In dem Urteil vom 19.04.2005 unterstellt der BGH, dass einem Geschädigten die kontroverse Diskussion über die Erstattungsfähigkeit des Unfallersatztarifs und die neuere Rechtsprechung dazu bekannt sind. Der teurere Unfallersatztarif wird jetzt nur noch ersetzt, wenn er durch besondere, unfallbedingte Leistungen des Vermieters gerechtfertigt ist. Die Beweislast für die nach betriebswirtschaftlichen Grundsätzen zu beurteilende Berechtigung einer Erhöhung gegenüber dem Normaltarif trägt der Geschädigte.
Deshalb wird jetzt von dem Geschädigten verlangt, dass er sich erkundigt, ob ein Ersatzfahrzeug zu einem günstigeren Tarif angemietet werden kann.
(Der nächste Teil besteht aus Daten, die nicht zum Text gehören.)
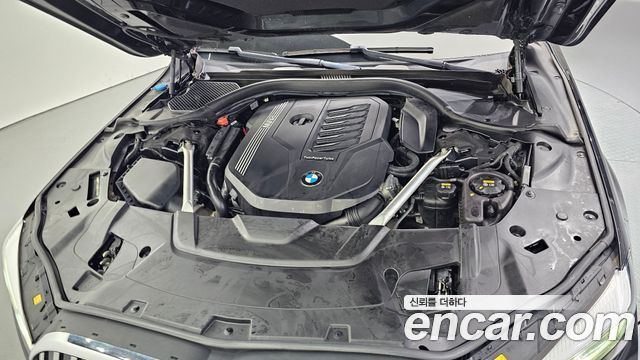 BMW 7-Series 740Li xDrive Design Pure Excellence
Es sind ein oder zwei Konkurrenzangebote einzuholen, falls die Umstände dies erlauben. Wer allerdings Samstag nachts auf der Autobahn schuldlos in einen Unfall verwickelt wird, dem wird man kaum zum Vorwurf machen können, dass er in der Nacht ein Fahrzeug zum Unfallersatztarif angemietet hat, ohne zuvor Vergleichsangebote einzuholen.
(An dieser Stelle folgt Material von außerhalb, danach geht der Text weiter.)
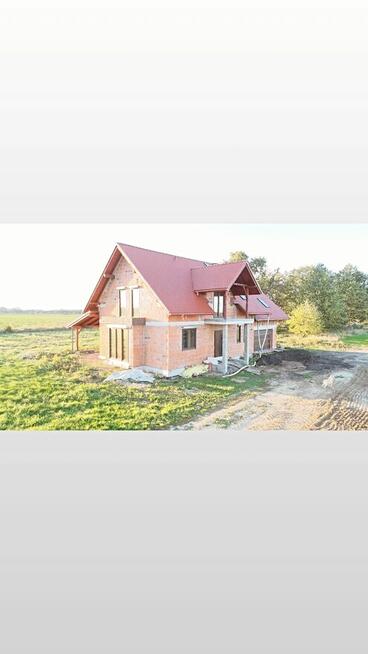 Dom jednorodzinny z podwójnym garażem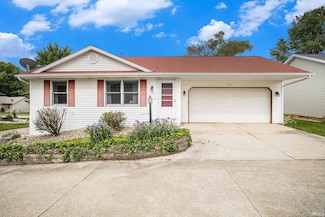 705 Day Spring Ct, Middlebury, IN 46540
Wer jetzt noch ein Ersatzfahrzeug zum Unfallersatztarif anmietet, muss angesichts der neuesten Rechtsprechung mit erheblichen Problemen bei der Schadensregulierung rechnen. Die Versicherer werden, ebenso wie Gerichte, jeweils im Einzelfall prüfen, ob die Anmietung zum Unfallersatztarif zur Beseitigung des Schadens „erforderlich“ war. Nach Auffassung des BGH muss unter Umständen durch Einholung eines Sachverständigengutachtens geprüft werden, ob die höheren Mietwagenkosten durch die besondere Unfallsituation gerechtfertigt waren. Selbst wenn dies der Fall ist, muss der Geschädigte weiter nachweisen, dass es ihm nicht möglich war, zu dem günstigeren Normaltarif anzumieten. Wenn eine Anmietung zum Normaltarif nur unter Einsatz der Kreditkarte möglich war, wird künftig auch geprüft, ob dem Geschädigten der Einsatz der Kreditkarte oder die Stellung einer Kaution möglich und zumutbar gewesen wäre.
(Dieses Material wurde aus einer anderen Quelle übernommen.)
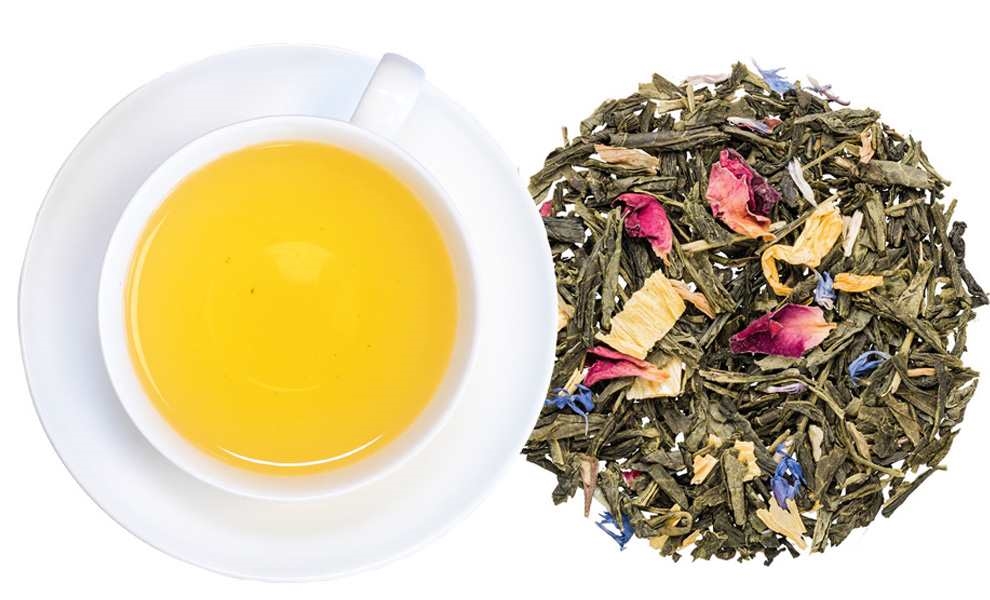 Tasse grüner Tee neben losem Blütentee, tee, tee blätter, blüten gemischte teeblätter, gelb farbe, kaffee?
Tipp: Die Anmietung eines Ersatzfahrzeugs zum Unfallersatztarif kann für den Geschädigten wegen der neueren höchstrichterlichen Rechtsprechung zu nicht absehbaren Problemen bei der Erstattungsfähigkeit der Mietwagenkosten führen. Es sollte deshalb vor Inanspruchnahme eines Mietwagens geprüft werden, ob man nicht besser Nutzungsausfall nach der Tabelle Sanden/Danner/Küppersbusch verlangt. Wird ein Mietwagen benötigt, kann der Geschädigte sich bei der gegnerischen Versicherung erkundigen, ob diese bei der Vermittlung eines Mietwagens ohne zusätzliche Kosten für den Mieter behilflich sein kann. In jedem Fall sollte die Möglichkeit geprüft werden, ob eine Anmietung zum Normaltarif möglich ist. Der Geschädigte sollte bei dem Autovermieter vor Abschluss des Mietvertrags abklären, ob und gegebenenfalls welche Kosten möglicherweise von der Versicherung nicht übernommen werden. Es wird empfohlen, ein oder zwei Vergleichsangebote einzuholen. Um eine Belastung mit „Eigenersparnis“ möglichst zu vermeiden, sollte ein Fahrzeug einer niedrigeren Klasse angemietet werden. Von den Autovermietern wird künftig verlangt werden müssen, dass sie ihre Kunden über die neuere Rechtsprechung und deren Konsequenzen umfassend aufklären.